(Beginning of SOURCE DATA)
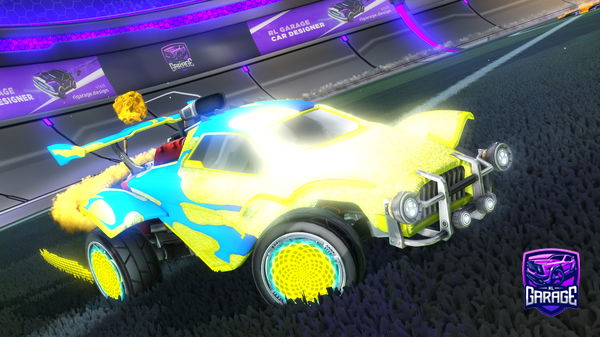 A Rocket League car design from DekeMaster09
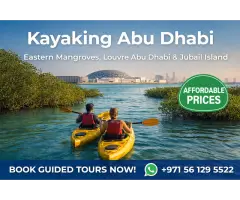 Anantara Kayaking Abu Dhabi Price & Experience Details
(End of SOURCE DATA)
(Beginning of SOURCE DATA)
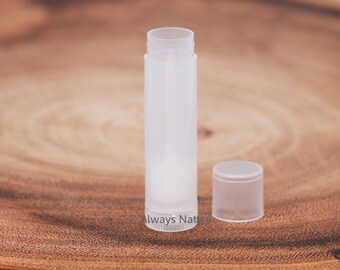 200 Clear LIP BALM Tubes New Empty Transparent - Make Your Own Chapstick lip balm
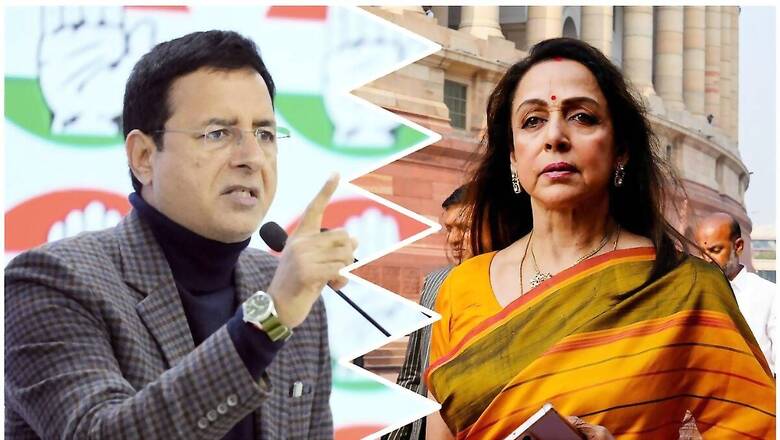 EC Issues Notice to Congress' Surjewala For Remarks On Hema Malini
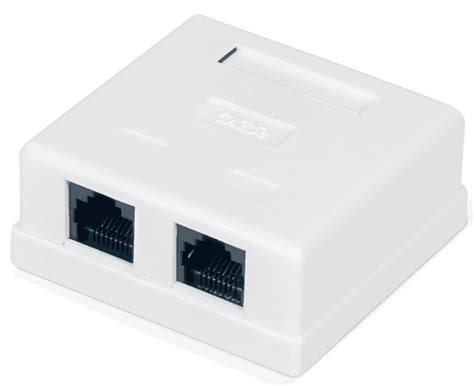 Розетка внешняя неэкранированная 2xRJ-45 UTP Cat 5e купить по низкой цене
(End of SOURCE DATA)
◆ **PROBLEM**
Set down, exactly as written above, each line from the one with "A Rocket League car design from DekeMaster09" through the one with "Anantara Kayaking Abu", and skip the pictures.

◆ **REPLY**
 A Rocket League car design from DekeMaster09
 Anantara Kayaking Abu Dhabi Price & Experience Details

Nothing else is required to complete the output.